3.  In verse 38, Mary accepts the word of the angel on faith in God. She does this in spite of the scandal likely to attend her pregnancy. The angel offers the pregnancy of Elizabeth as proof that God can accomplish the impossible, even conceiving the Savior of the world in the womb of a virgin.

Is the teaching about Jesus birth of a virgin an essential element of Christian belief? 

Apparently so. When the early Church set out to express the basics of Christian faith in both the Apostles' and Nicene Creeds, it held that essential to faith in Jesus is acceptance that He was born of a virgin. The Church has held to this belief for 2000 years because it has believed it to be the revealed truth of God.

But its importance has nothing to do with the virtue of Mary. Jesus Christ could have chosen to enter our world and bring new life to those who repent and believe in Him by any means He chose. But if Jesus were to be born of a woman, it was essential for our salvation that while He must share our humanity, He must not share our common human inheritance of sin, our inborn alienation from God. (Hebrews 2:14-17, 4:15)

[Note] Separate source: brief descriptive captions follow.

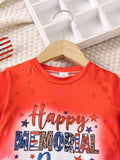 3-8T Kid Girls Summer English Graphic Star Stripe Print Flared 2 Pcs Set
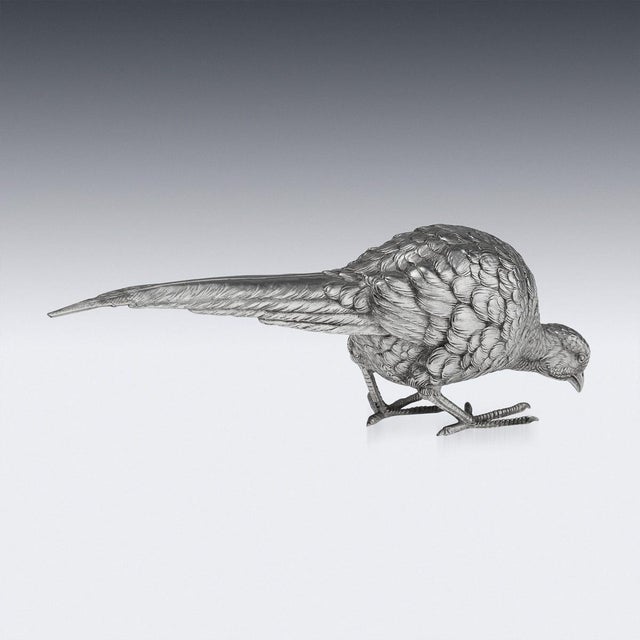1920s 20th Century Italian Silver Pheasant Statues, 1920s, Set of 2 For Sale - Image 5 of 18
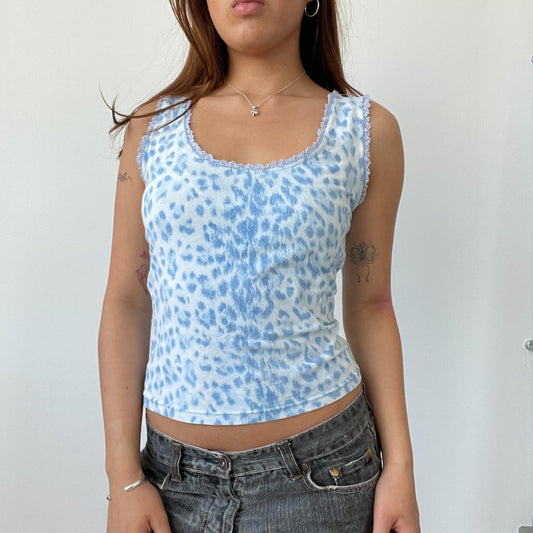 Baby Blue Moschino Leopard Print Top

For us to receive salvation. Jesus had to be, in Paul's phrase, "the second Adam," the new human being, as sinless as Adam and Eve when God first created them, the only human being Who could take the death sentence we deserve and yet remain worthy of being raised from the dead so that sin, death, and the devil would be conquered for all who "loved [Jesus'] appearing," repented for sin, and believed in the only name given by which we can be saved, the Name of Jesus. (2 Corinthians 15, 2 Timothy 4:8, John 1:12-13, Acts 4:12).